Early political career, 1984–2011

Political career with Congress 

Banerjee began her political career in the Congress party as a young woman in the 1970s. In 1975 she gained attention in the press media when she danced on the car of socialist activist and politician Jayaprakash Narayan as a protest against him. She quickly rose in the ranks of the local Congress group and remained the general secretary of Mahila Congress (Indira), West Bengal, from 1976 to 1980. In the 1984 general election, Banerjee became one of India's youngest parliamentarians ever, defeating veteran Communist politician Somnath Chatterjee, to win the Jadavpur parliamentary Constituency in West Bengal. She also became the general secretary of the Indian Youth Congress in 1984. She lost her seat to Malini Bhattacharya of the Communist Party of India (Marxist) in the 1989 general elections in an anti-Congress wave. She was re-elected in the 1991 general elections, having settled into the Calcutta South constituency. She retained the Kolkata South seat in the 1996, 1998, 1999, 2004 and 2009 general elections.

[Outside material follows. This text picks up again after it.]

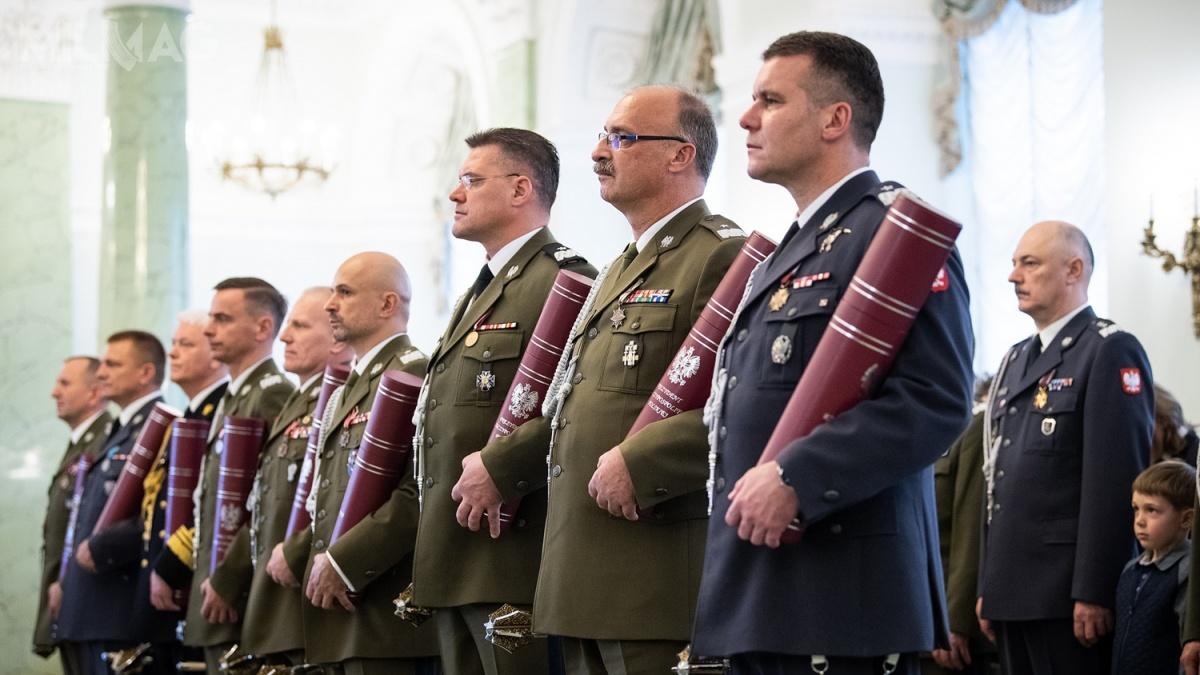 10 listopada Prezydent RP mianował ośmiu oficerów na stopnie generalskie i jednego na wiceadmirała / Zdjęcie: Wojciech Król/CO MON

Banerjee was appointed the Union Minister of State for Human Resources Development, Youth Affairs and Sports, and Women and Child Development in 1991 by prime minister, P. V. Narasimha Rao. As the sports minister, she announced that she would resign and protested in a rally at the Brigade Parade Ground in Kolkata, against the Government's indifference towards her proposal to improve sports in the country. She was discharged of her portfolios in 1993. In April 1996, she alleged that Congress was behaving as a stooge of the CPI-M in West Bengal. She said that she was the lone voice of reason and wanted a "clean Congress".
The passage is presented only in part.